**The data**
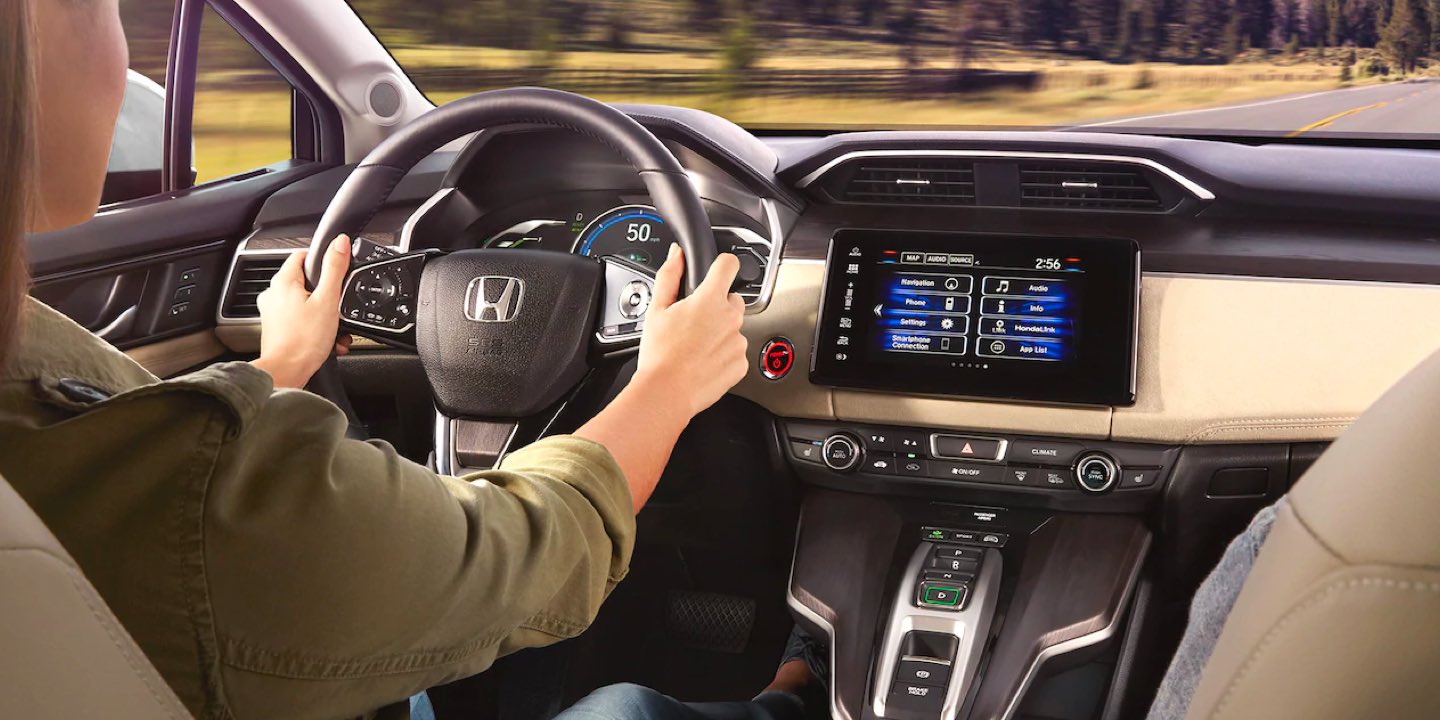 woman driving 2021 Honda Clarity
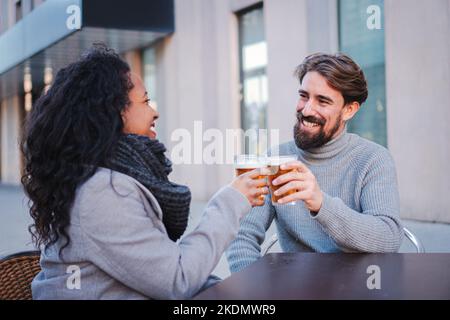 Una giovane coppia multietnica brinda e beve birra in un bar della città, godendosi il suo tempo libero. Concetto di stile di vita. Foto Stock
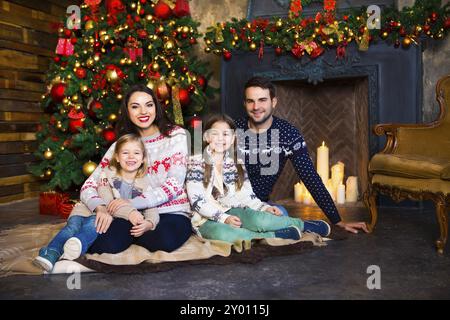 Junge Familie mit zwei Kindern am Kamin feiert Weihnachten. Liebes- und Beziehungskonzept Stockfoto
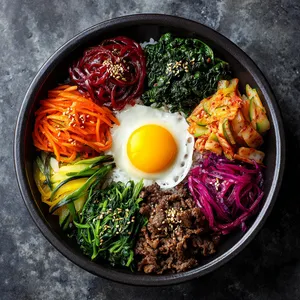 From above, it's a beautiful mosaic of multi-colored ingredients symmetrically arranged around a sunny yolk of a fresh egg nestled in the center. The white bed of rice lays the canvas for the vibrant green of seasoned spinach, royal purple of shredded beetroot, punchy orange of julienned carrots, and the brownish charm of the bulgogi meat. A colorful assortment of Banchan dishes adds to the tapestry.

**Work task**
Lines from the one containing "Una giovane coppia" through the end of the listing, both included, are to be restated exactly, and pictures are to be left out.

**Output below**
 Una giovane coppia multietnica brinda e beve birra in un bar della città, godendosi il suo tempo libero. Concetto di stile di vita. Foto Stock
 Junge Familie mit zwei Kindern am Kamin feiert Weihnachten. Liebes- und Beziehungskonzept Stockfoto
 From above, it's a beautiful mosaic of multi-colored ingredients symmetrically arranged around a sunny yolk of a fresh egg nestled in the center. The white bed of rice lays the canvas for the vibrant green of seasoned spinach, royal purple of shredded beetroot, punchy orange of julienned carrots, and the brownish charm of the bulgogi meat. A colorful assortment of Banchan dishes adds to the tapestry.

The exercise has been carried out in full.